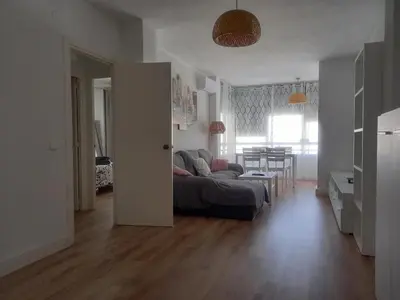 a living room with a couch and a table in a room at Primera línea Valdelagrana in El Puerto de Santa María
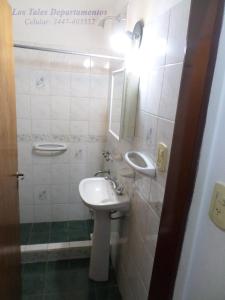 y baño con lavabo y espejo. en Los Tales Departamentos en Colón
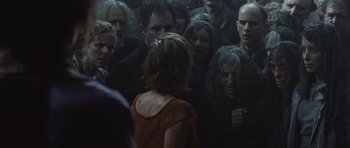 Movie still from “Silent Hill” (2006), directed by Christophe Gans – A group of people gathered around a woman in a red dress; Medium shot, Over the shoulder angle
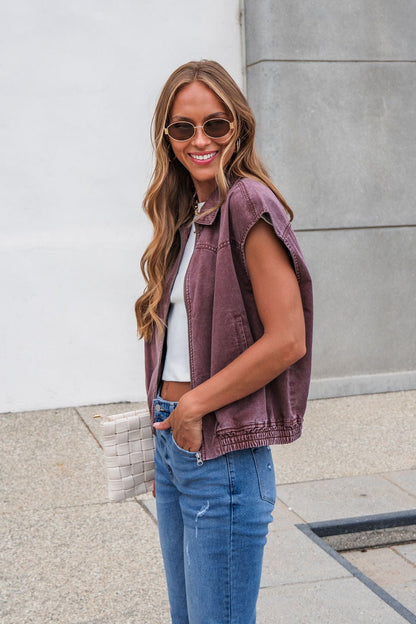 Woman with long hair in sunglasses smiles outdoors, wearing Presley Zip Up Collared Vest - Mauve, blue jeans, and holding a woven bag.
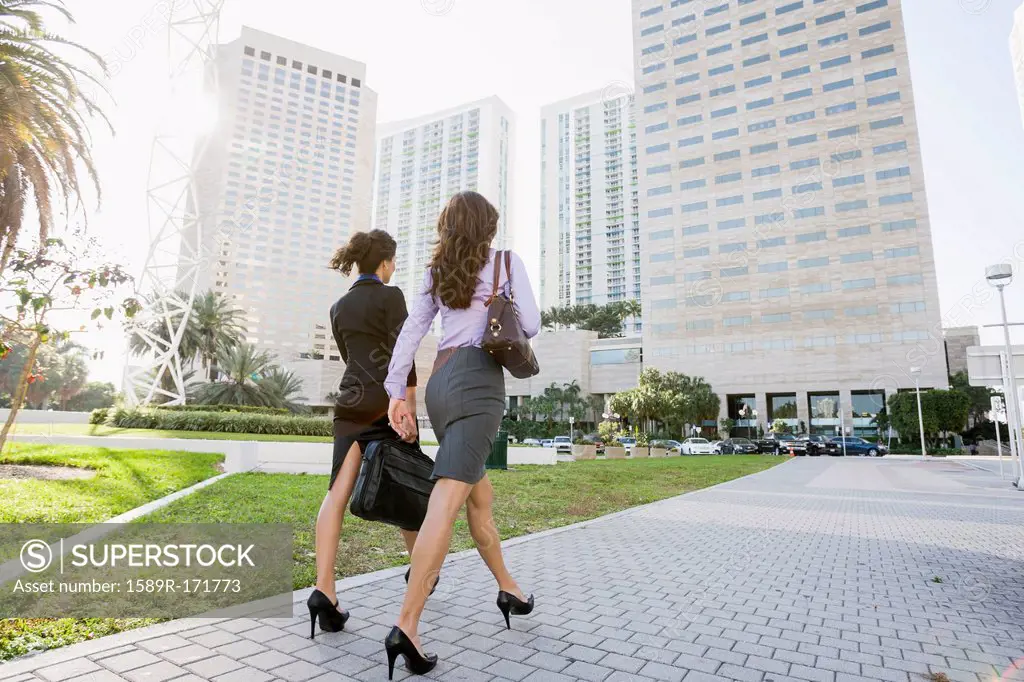 Hispanic businesswomen walking together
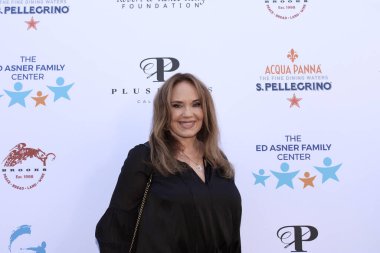 Studio City, CA - June 15, 2024: Catherine Bach attends the Ed Asner Celebrity Poker to Benefit Autism research.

_ _ _

Each line from the one holding "Hispanic businesswomen walking together" through the final line of the data needs to be transcribed exactly. Include both ends, skip the pictures, and add nothing.

 Hispanic businesswomen walking together
 Studio City, CA - June 15, 2024: Catherine Bach attends the Ed Asner Celebrity Poker to Benefit Autism research.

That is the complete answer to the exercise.